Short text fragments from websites
════
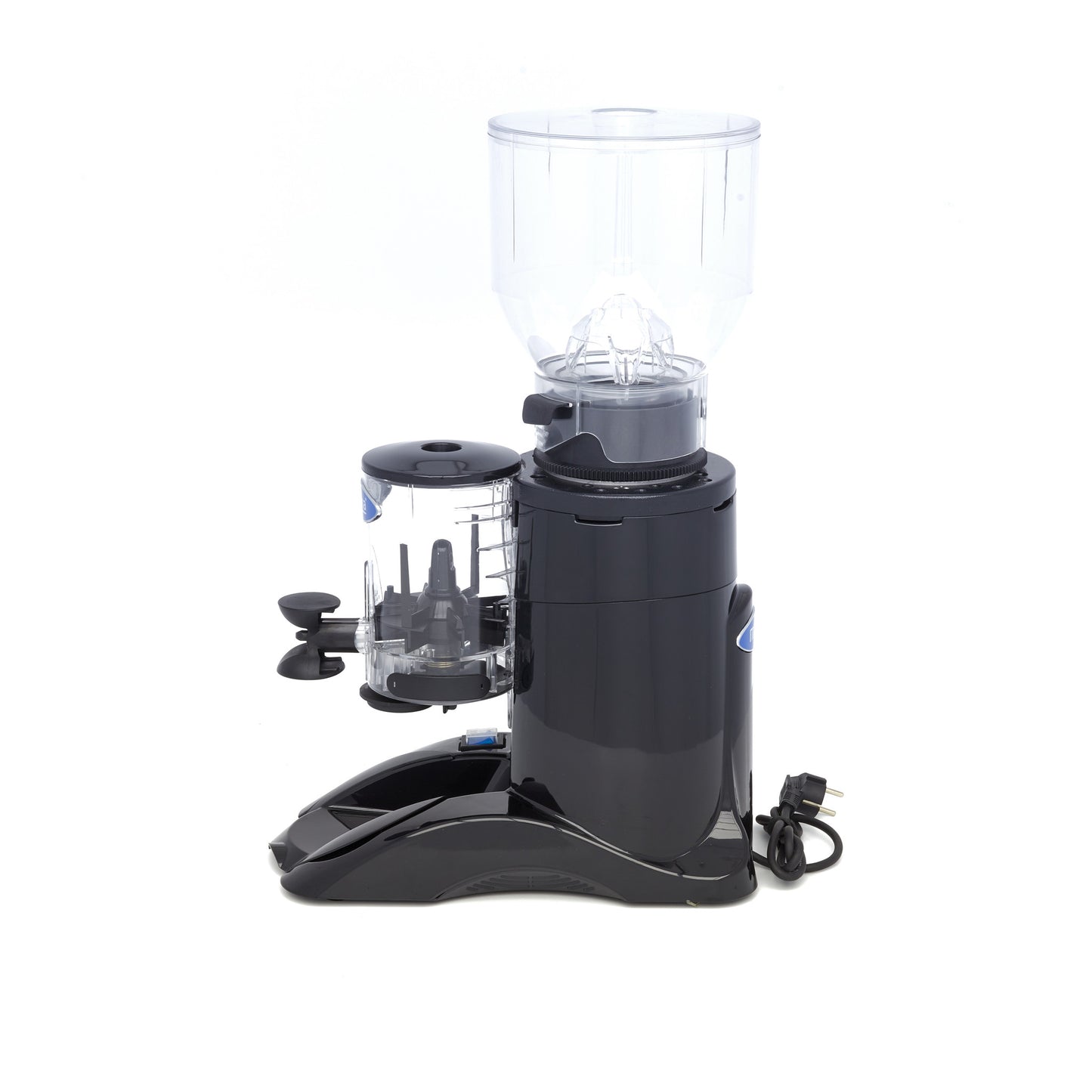 Coffee Grinder - 2kg of Beans - with Portioner
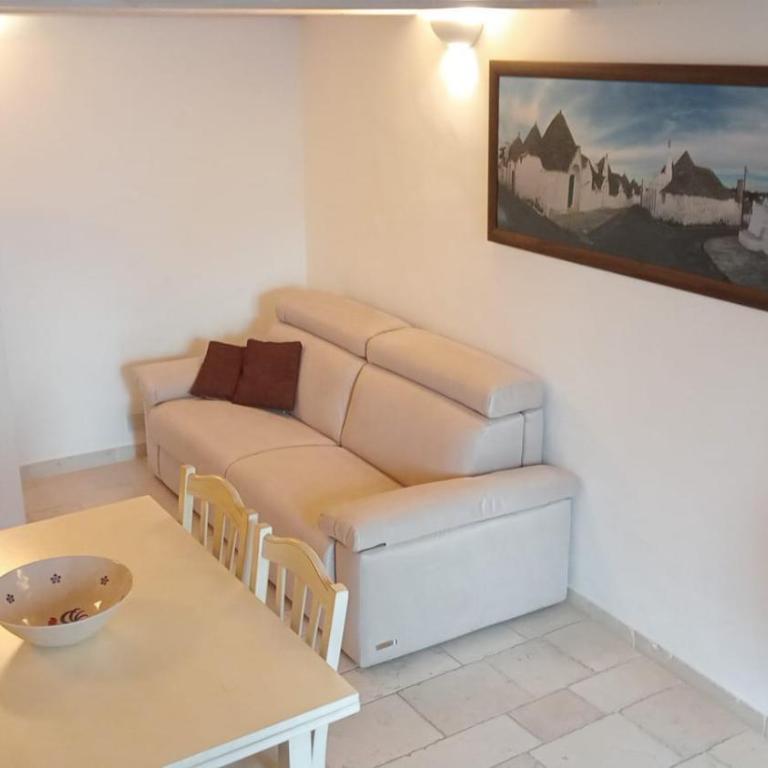 DOMUS PRAETORIA - Appartamento con 1 Camera da Letto - 4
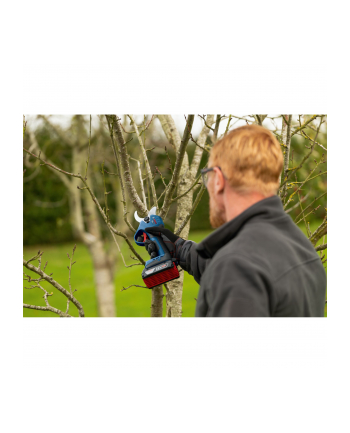 Bosch GGP18V-32 Pruner 18V Nozyce Ogrodowe Akumulatorowe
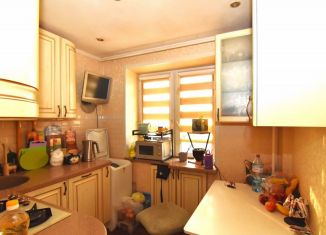 3-ком. квартира на продажу, 51.8 м2, дачный посёлок Кокошкино, Дачная улица, 9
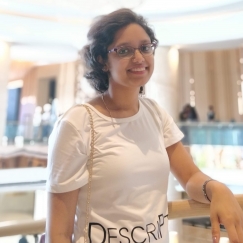Sindhu Shree-Freelancer in Bengaluru,India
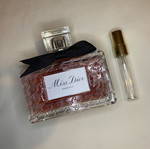 Miss Dior Essence de Parfum 5ml new, decant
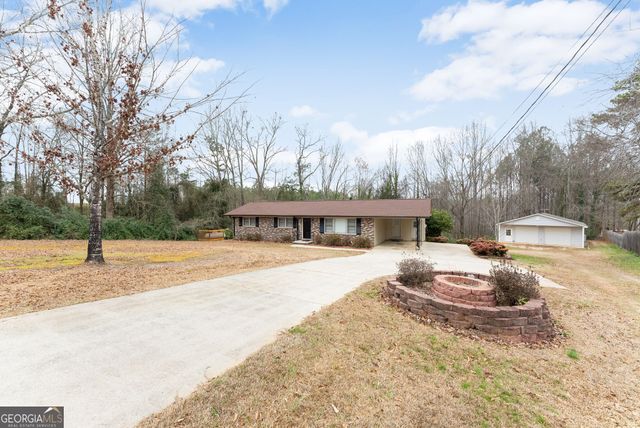 1292 Fernside Drive, Toccoa, GA 30577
════
### Your goal
Output exactly the lines from the line containing "DOMUS PRAETORIA - Appartamento" through the last line of the records, both included, and leave out every picture.

### Result below
 DOMUS PRAETORIA - Appartamento con 1 Camera da Letto - 4
 Bosch GGP18V-32 Pruner 18V Nozyce Ogrodowe Akumulatorowe
 3-ком. квартира на продажу, 51.8 м2, дачный посёлок Кокошкино, Дачная улица, 9
Sindhu Shree-Freelancer in Bengaluru,India
 Miss Dior Essence de Parfum 5ml new, decant
 1292 Fernside Drive, Toccoa, GA 30577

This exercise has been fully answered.